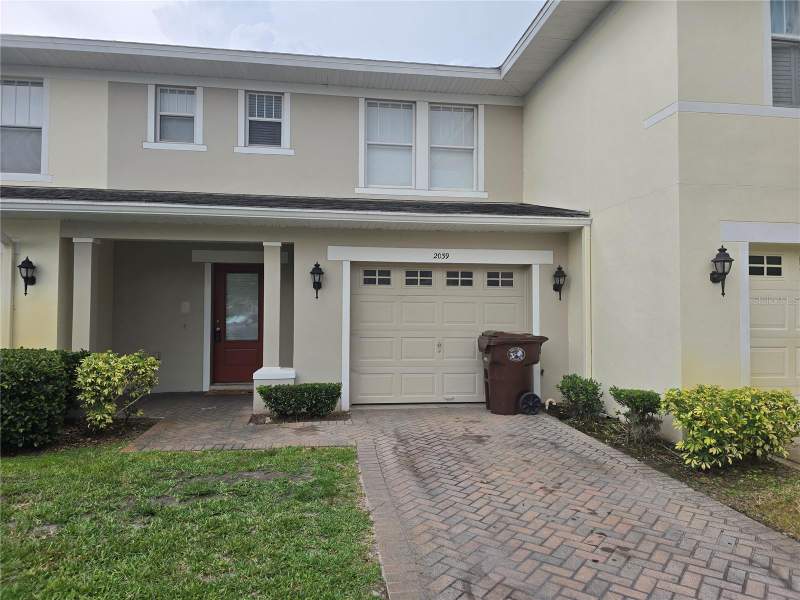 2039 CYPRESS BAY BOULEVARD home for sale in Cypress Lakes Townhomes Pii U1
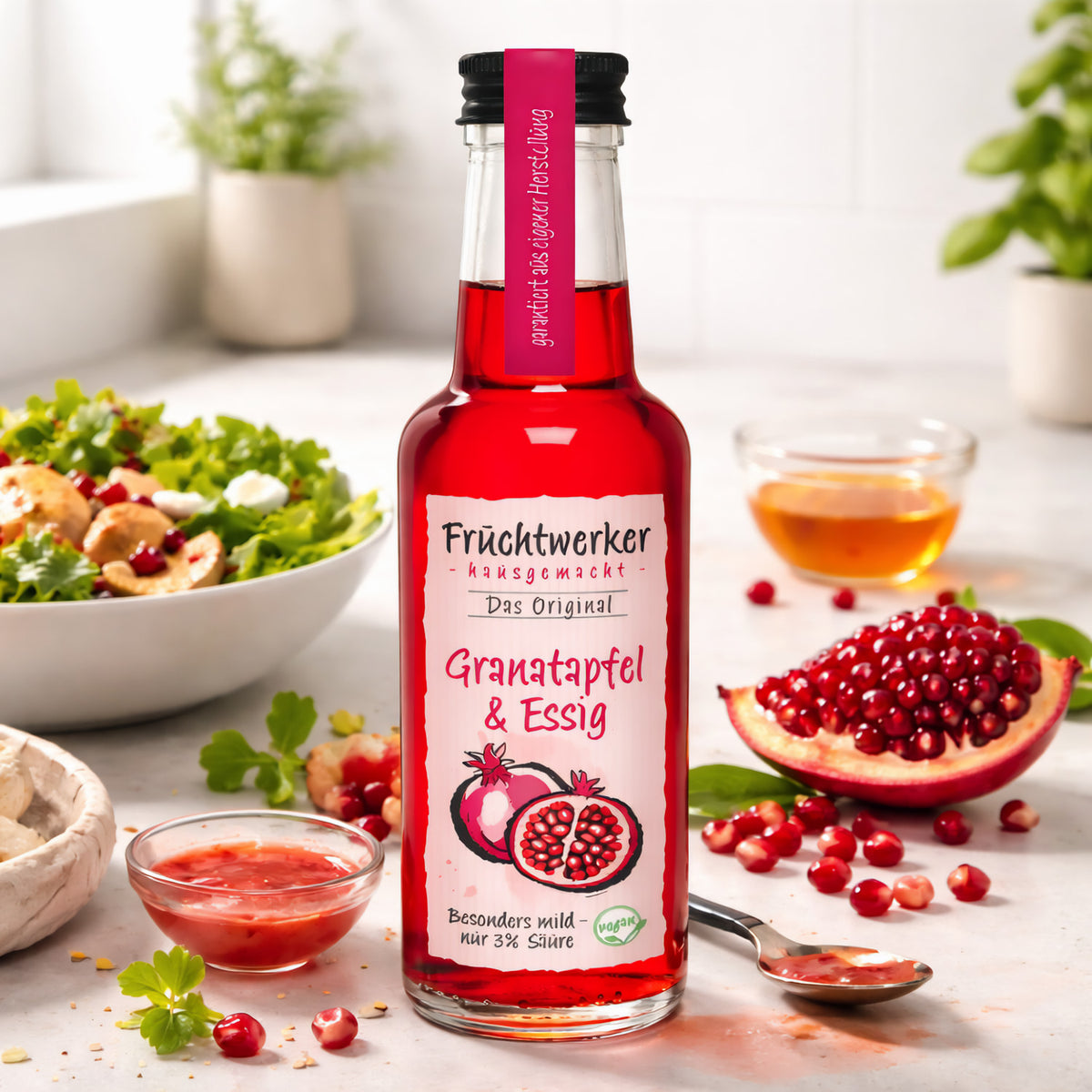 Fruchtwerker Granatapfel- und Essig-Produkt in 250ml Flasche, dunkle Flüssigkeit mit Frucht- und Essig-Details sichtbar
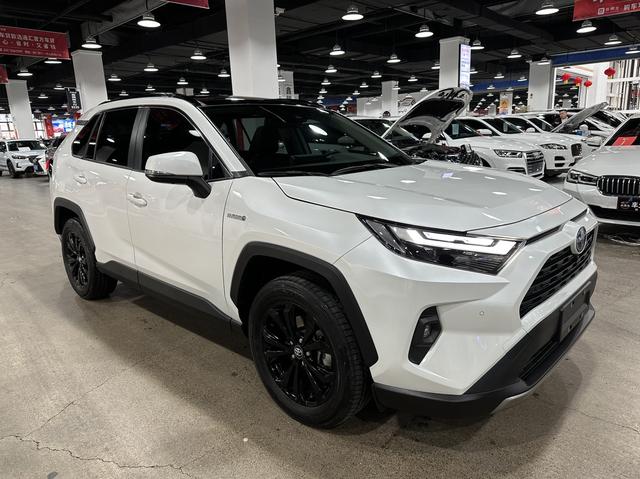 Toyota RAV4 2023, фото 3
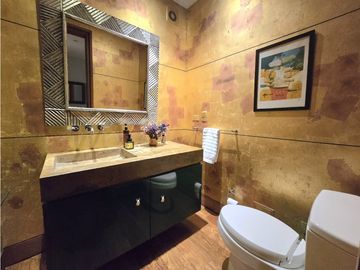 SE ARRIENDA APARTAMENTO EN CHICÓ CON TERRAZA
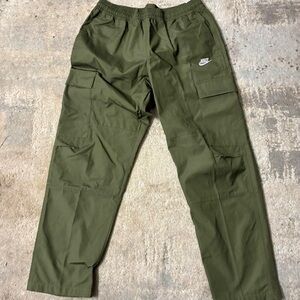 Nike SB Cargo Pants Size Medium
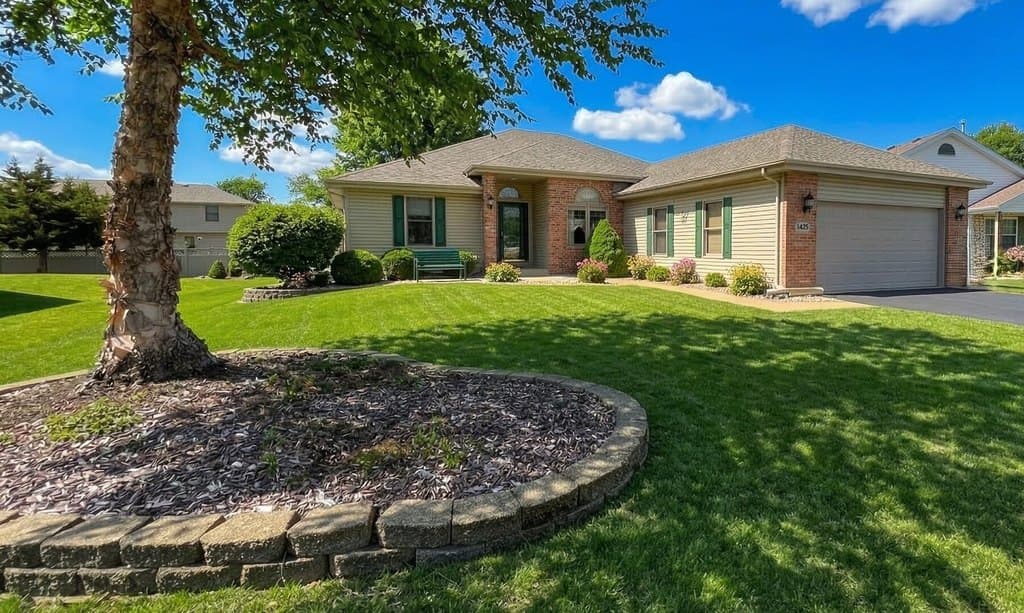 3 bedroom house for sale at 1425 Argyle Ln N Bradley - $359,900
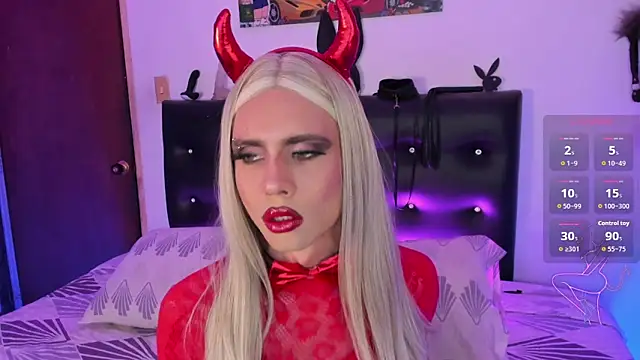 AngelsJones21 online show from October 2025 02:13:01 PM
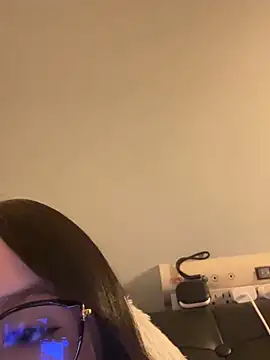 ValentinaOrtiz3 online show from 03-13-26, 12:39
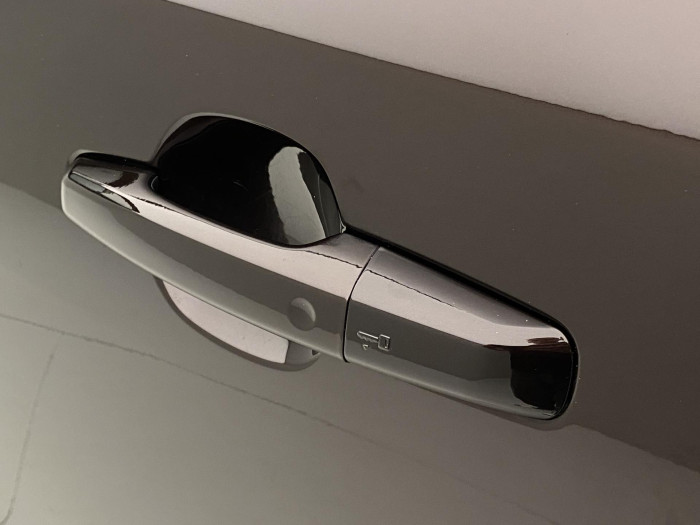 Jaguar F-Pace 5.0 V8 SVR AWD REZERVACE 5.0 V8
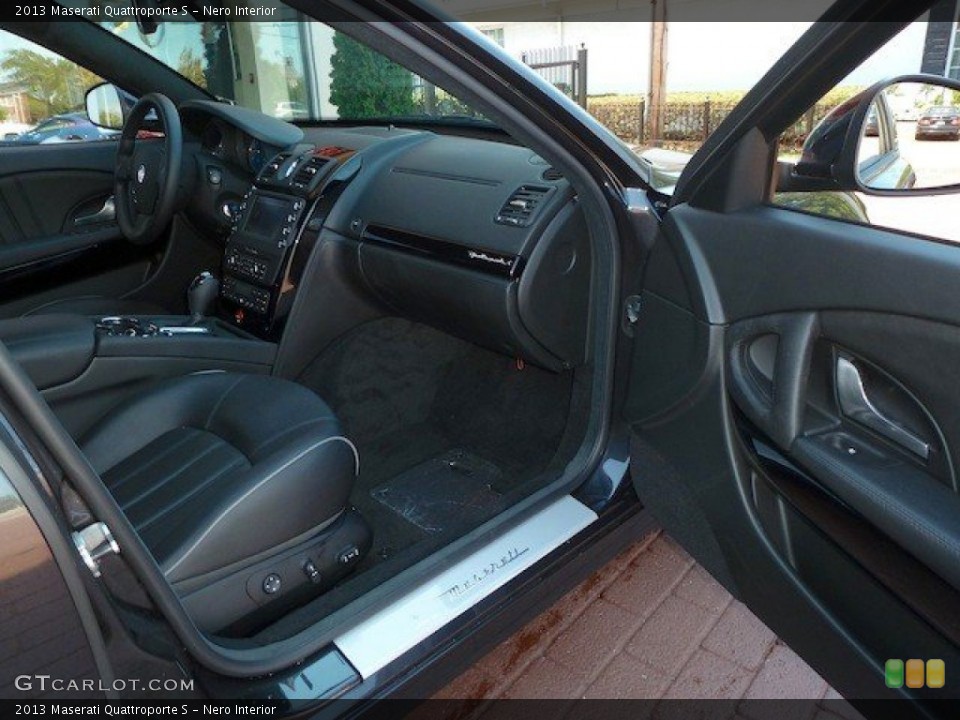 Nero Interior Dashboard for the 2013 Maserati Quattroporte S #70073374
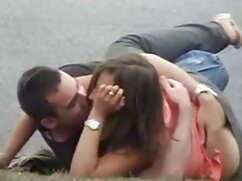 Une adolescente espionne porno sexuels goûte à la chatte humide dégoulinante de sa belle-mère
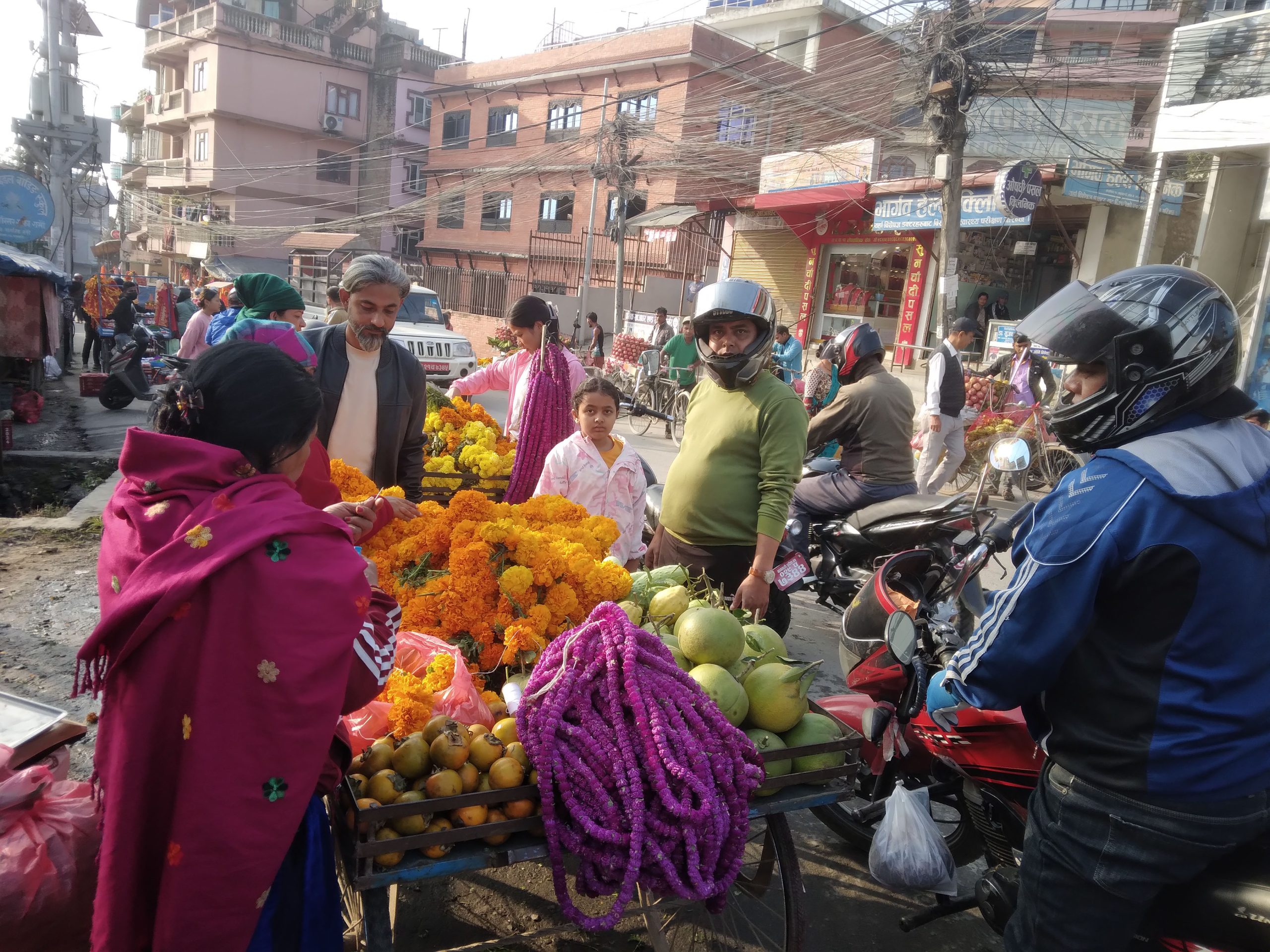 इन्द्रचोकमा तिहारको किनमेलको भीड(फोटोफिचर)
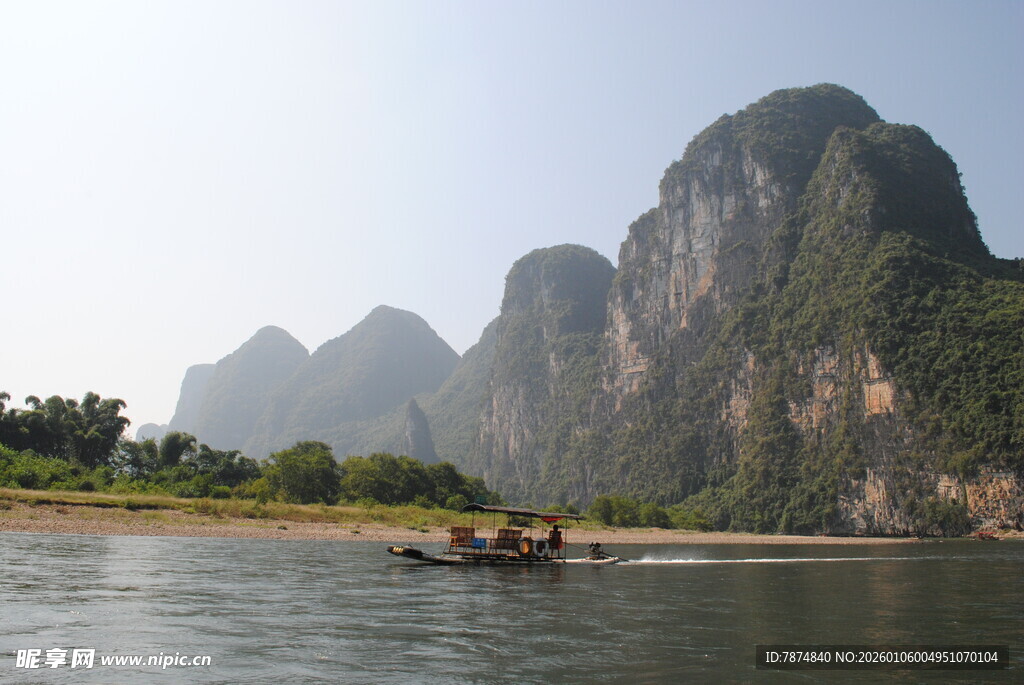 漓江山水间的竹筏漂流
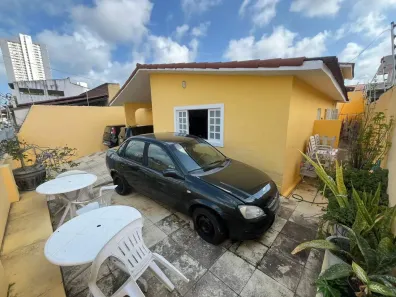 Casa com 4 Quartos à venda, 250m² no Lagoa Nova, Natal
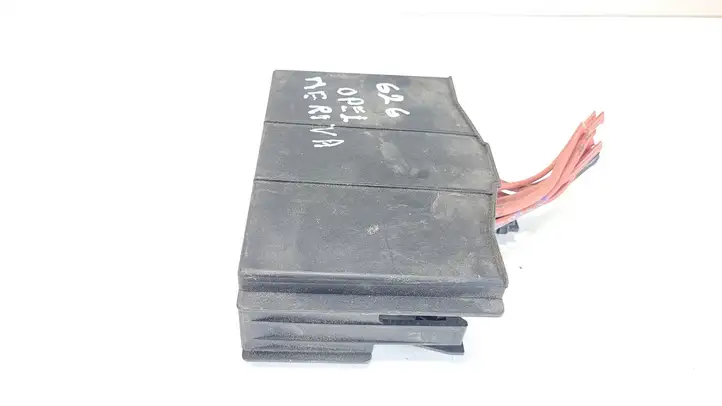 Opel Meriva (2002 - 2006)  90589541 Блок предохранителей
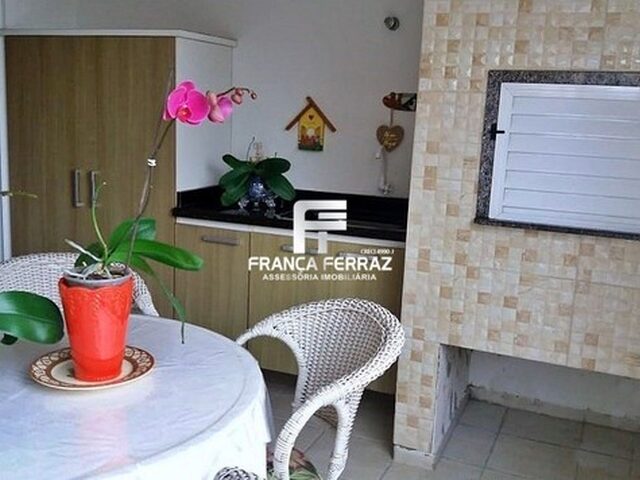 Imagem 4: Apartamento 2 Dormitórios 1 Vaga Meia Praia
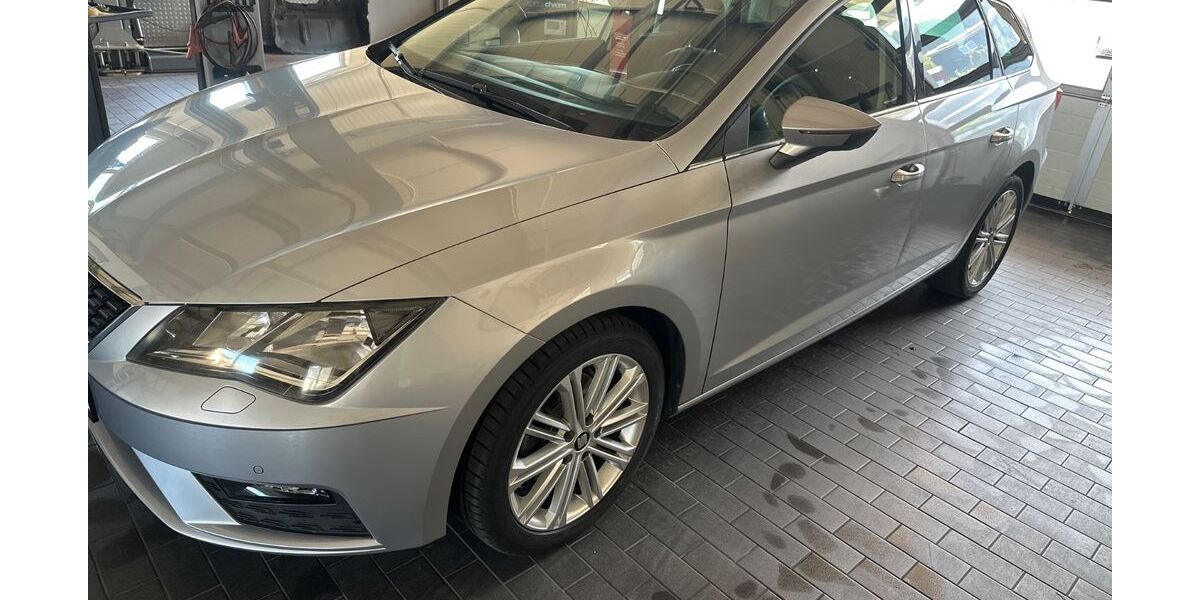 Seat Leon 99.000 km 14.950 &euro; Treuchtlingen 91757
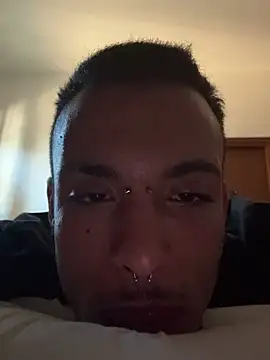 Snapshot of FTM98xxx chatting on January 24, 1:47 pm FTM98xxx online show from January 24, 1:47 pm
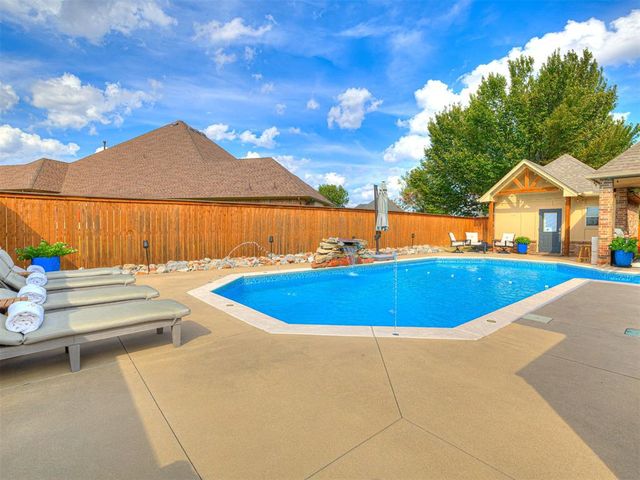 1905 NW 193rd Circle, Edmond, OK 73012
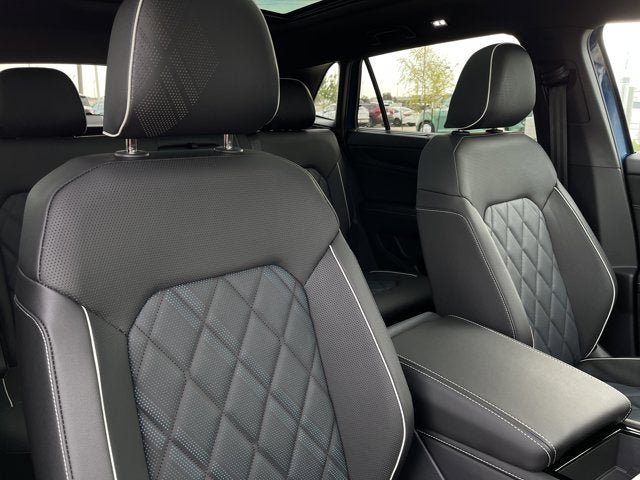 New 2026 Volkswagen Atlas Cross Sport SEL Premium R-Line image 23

What needs to be done
A word-for-word transcription of the listing is needed, minus its images.

Final answer
 2039 CYPRESS BAY BOULEVARD home for sale in Cypress Lakes Townhomes Pii U1
 Fruchtwerker Granatapfel- und Essig-Produkt in 250ml Flasche, dunkle Flüssigkeit mit Frucht- und Essig-Details sichtbar
 Toyota RAV4 2023, фото 3
 SE ARRIENDA APARTAMENTO EN CHICÓ CON TERRAZA
 Nike SB Cargo Pants Size Medium
 3 bedroom house for sale at 1425 Argyle Ln N Bradley - $359,900
 AngelsJones21 online show from October 2025 02:13:01 PM
 ValentinaOrtiz3 online show from 03-13-26, 12:39
 Jaguar F-Pace 5.0 V8 SVR AWD REZERVACE 5.0 V8
 Nero Interior Dashboard for the 2013 Maserati Quattroporte S #70073374
 Une adolescente espionne porno sexuels goûte à la chatte humide dégoulinante de sa belle-mère
 इन्द्रचोकमा तिहारको किनमेलको भीड(फोटोफिचर)
 漓江山水间的竹筏漂流
 Casa com 4 Quartos à venda, 250m² no Lagoa Nova, Natal
 Opel Meriva (2002 - 2006)  90589541 Блок предохранителей
 Imagem 4: Apartamento 2 Dormitórios 1 Vaga Meia Praia
 Seat Leon 99.000 km 14.950 &euro; Treuchtlingen 91757
 Snapshot of FTM98xxx chatting on January 24, 1:47 pm FTM98xxx online show from January 24, 1:47 pm
 1905 NW 193rd Circle, Edmond, OK 73012
 New 2026 Volkswagen Atlas Cross Sport SEL Premium R-Line image 23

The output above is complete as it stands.